Un médaillon gravé dans la pierre signe l’acte de naissance de la maison : 1836. C’est Jean-Pierre Tillinac, premier maire d’Auriac, vieille paroisse érigée en commune par la Révolution, qui la fit construire. Son soubassement, beaucoup plus ancien, contient des éléments qui remonteraient au XIIIe siècle, visibles dans la grande cave servant aujourd’hui de cellier. Ces vestiges souterrains sont-ils la raison pour laquelle quelques vieux du village l’appelaient le « château », à moins que le qualificatif s’expliquât tout bonnement par les dimensions respectables d’une demeure qui est toujours restée dans le giron des Tillinac en dépit d’un exode rural qui commença à vider le pays de sa substance à la fin du XIXe siècle. Une brasserie, installée en contrebas près d’une source d’eau claire, retarda un temps l’échéance de l’exil. Roger, le père de Denis, « monta » à Paris où il exerça le métier de dentiste, tout un gardant un pied à Auriac dont il fut l’édile à la fin des années Giscard. La maison de Lalo avait quant à elle échu à son frère Henri, lui aussi dentiste, lui aussi émigré en ville, du côté de la souche maternelle bourbonnaise du Donjon. La maison finit par ne plus s’ouvrir qu’en été, maison de famille intermittente comme la France en compte tant.

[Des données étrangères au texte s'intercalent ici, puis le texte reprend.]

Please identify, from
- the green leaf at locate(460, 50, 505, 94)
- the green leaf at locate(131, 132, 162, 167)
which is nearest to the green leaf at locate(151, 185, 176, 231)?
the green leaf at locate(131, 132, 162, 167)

Le petit Parisien a été marqué à jamais par ses vacances à Auriac. Il y fut le témoin de la disparition d’un monde ancien qu’il vécut comme « un sursis de vraie vie campagnarde, juste avant l’agonie »[3]. Un monde dont les fantômes ne cesseront de hanter son imaginaire. Plus tard, après s’être frotté aux enseignements de Science Po Bordeaux, il se rapprochera du « point focal de sa carte du tendre », gravée à la pointe sèche de ses souvenirs. « Localier » à Tulle pour le compte de la Dépêche du Midi il se découvrit une vocation d’observateur critique de la société française[4]. Il rencontra Chirac. Et Monique qui tenait la pharmacie près de la cathédrale et devint sa femme. C’est là que grandirent leurs enfants, jusqu’à leur envol vers Paris ou Bordeaux pour cause d’études universitaires. Une petite ferme au Coudert, lieu-dit jouxtant Auriac, fit longtemps office de maison de week-end où les enfants pouvaient libérer leur trop-plein d’énergie, avant l’acquisition de la maison de Lalo où Denis et Monique s’installèrent au début des années 2000, un chauffage central l’ayant rendue durablement habitable. Le travail d’écriture de Denis migra du Coudert à Lalo, toujours à l’ancienne, des cahiers d’écolier remplis au stylo-bille, vert de préférence.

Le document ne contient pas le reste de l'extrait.